Isaac Newton was the greatest scientist who has ever lived. It is, in fact, generally accepted that he is probably the greatest scientist who ever will live, since no one, no matter how brilliant, will again be in such a unique historical position.

Isaac Newton was born on Christmas day in 1642 and died in 1727. His most famous work, Philosophiae Naturalis Principia Mathematica, was published in 1687.

His discoveries span all aspects of the physical world with special emphasis on experimental and theoretical physics and chemistry and on applied mathematics. He invented virtually the entire science of mechanics and most of the science of optics. During this work, he invented such mathematics as he needed or as interested him including the discipline known as calculus.

Isaac Newton was both an experimental and theoretical scientist. He personally constucted the models and machinery with which he carried out extensive experiments in chemistry and physics. For example, when he invented the reflecting telescope, he first built a brick oven. In that oven he carried out metallurgical experiments to formulate the composition of the mirror. He then made the mirror with which he constructed the telescope.

Of unequaled mental ability during his entire adult life until his death at age 85, Newton's powers are legendary. It is often told, for example, how later in his life a problem in mathematical physics posed by the great mathematician Bernoulli, was forwarded to Newton from the Royal Society. The problem, to determine the curve of minimum time for a heavy particle to move downward between two given points, had baffled the famous 18th Century mathematicians of Europe for over six months. Receiving the problem in the afternoon, Newton solved it before going to bed.

Although the solution was sent to Bernoulli anonymously, he is said to have exclaimed upon reading it, "tanquam ex ungue leonem - as the lion is known by its claw" in reference to his recognizing Newton's method.

In addition to his scientific work (Newton would have said as a part of his scientific work.), he devoted a substantial portion of his enormous energy to the study of the Bible and Biblical texts and history. He read the Bible daily throughout his life and wrote over a million words of notes regarding his study of it.

Isaac Newton believed that the Bible is literally true in every respect. Throughout his life, he continually tested Biblical truth against the physical truths of experimental and theoretical science. He never observed a contradiction. In fact, he viewed his own scientific work as a method by which to reinforce belief in Biblical truth.

He was a formidable Biblical scholar, was fluent in the ancient languages, and had extensive knowledge of ancient history. He believed that each person should read the Bible and, through that reading, establish for himself an understanding of the universal truths it contains.

Newton's strong belief in individual freedom to learn about God without restraints from any other individual or church or government, once almost cost him to give up his position as Lucasian Professor at Cambridge. The matter was resolved when King Charles II made the exceptional ruling that Isaac Newton would not be required to become a member of the Church of England.

Regarding both science and Christianity, Isaac Newton spent his life in intense scholarship, but he left the publication of his work to Providence.

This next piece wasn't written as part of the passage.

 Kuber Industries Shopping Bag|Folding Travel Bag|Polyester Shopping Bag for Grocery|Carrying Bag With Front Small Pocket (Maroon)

Much that he wrote has still never been published.

His (and the world's) greatest scientific work, the Principia, was ly after his friend, Edmund Halley, accidentally learned of the existence of Part I which Isaac Newton had written 10 years earlier and put in a drawer. Halley convinced him to finish PartsII and III and allow Halley to publish the work.

Only one book of Newton's about the Bible was ever published. In 1733, six years after his death, J. Darby and T. Browne, published Observations Upon the Prophecies of Daniel and the Apocalypse of St. John.

In 1988, having learned of this book in the rare books card catalogue of the Library of Congress, I asked to read it. I was astonished when, a few minutes later, I was handed Thomas Jefferson's personal copy. (The book is in excellent condition and has Thomas Jefferson's initials on pages 57 and 137. Two hundred and fifty years ago it was common practice for printers to label the page signatures with capital letters at the bottom of the actual text. Jefferson would turn to the "J" signature and add a "T" before the "J" and then turn to the "T" signature and add a "J" after the "T." In this way he identified his personal books.)

With his prodigious knowledge of ancient history and languages and his unequaled mental powers, Isaac Newton is the best qualified individual in this millenium to have written about the prophecies. His study of the book of Daniel began at the age of twelve and continued to be a special interest throughout his life. Moreover, hewrites of the prophecies with a modesty that indicates that he, himself, is in awe of the words he has been given an opportunity to read.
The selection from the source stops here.